La spirale infernale à laquelle on assiste est excellemment menée et nous entraîne tortueusement jusqu’à plus profond d’un drame annoncé. A l’image d’Alain, le lecteur est appelé à entendre les vicissitudes conjugales insoutenables d’Isabelle et à se révolter comme lui devant de tels actes. On en vient presque à comprendre ses décisions radicales, prises dans le cadre d’une agonie oppressante. Mais, il y a un revers à son histoire qui nous sera opposé judicieusement, froidement et imparablement, via l’enquête policière, et qui ne pourra que laisser un goût de fiel dans la bouche.

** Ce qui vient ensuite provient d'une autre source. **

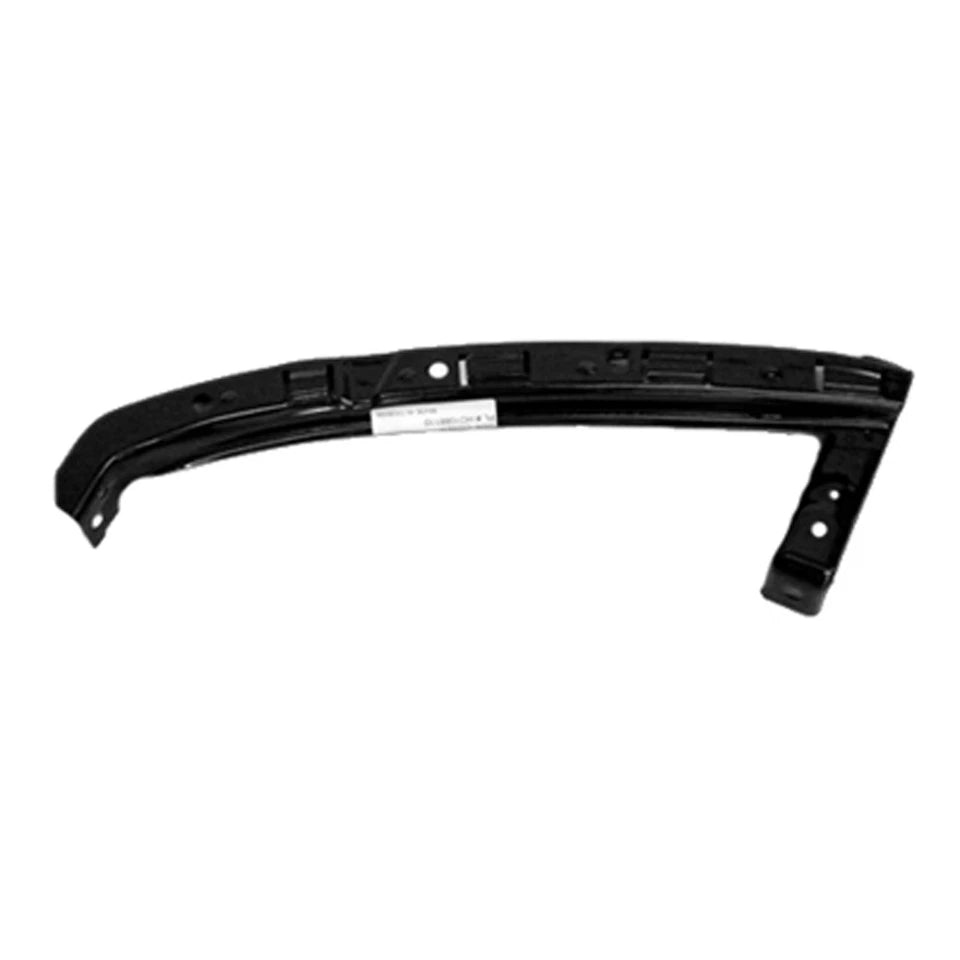 Left Side Front bumper filler 2004 - 2005 HONDA CIVIC HO1088110 71190S5A010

Au niveau dessin, le travail effilé de Fred Pontarolo est superbe. Jouant audacieusement sur les proportions, il use d’un trait sans fioriture empli de sensibilité, s’appréciant dans un encrage bien doucereux. La montée en puissance de la tragédie se perçoit remarquablement, auréolée par les expressions de détresse d’Isabelle, les métaphores graphiques sombres et les cogitations explicites d’Alain. La colorisation qui accompagne le tout et qui varie astucieusement selon l’intensité des moments est des plus réussies.

Un récit extraordinaire, tragique et fielleux sur une descente aux enfers irréversibles bien marquante réalisé par un Fred Pontarolo en pleine forme.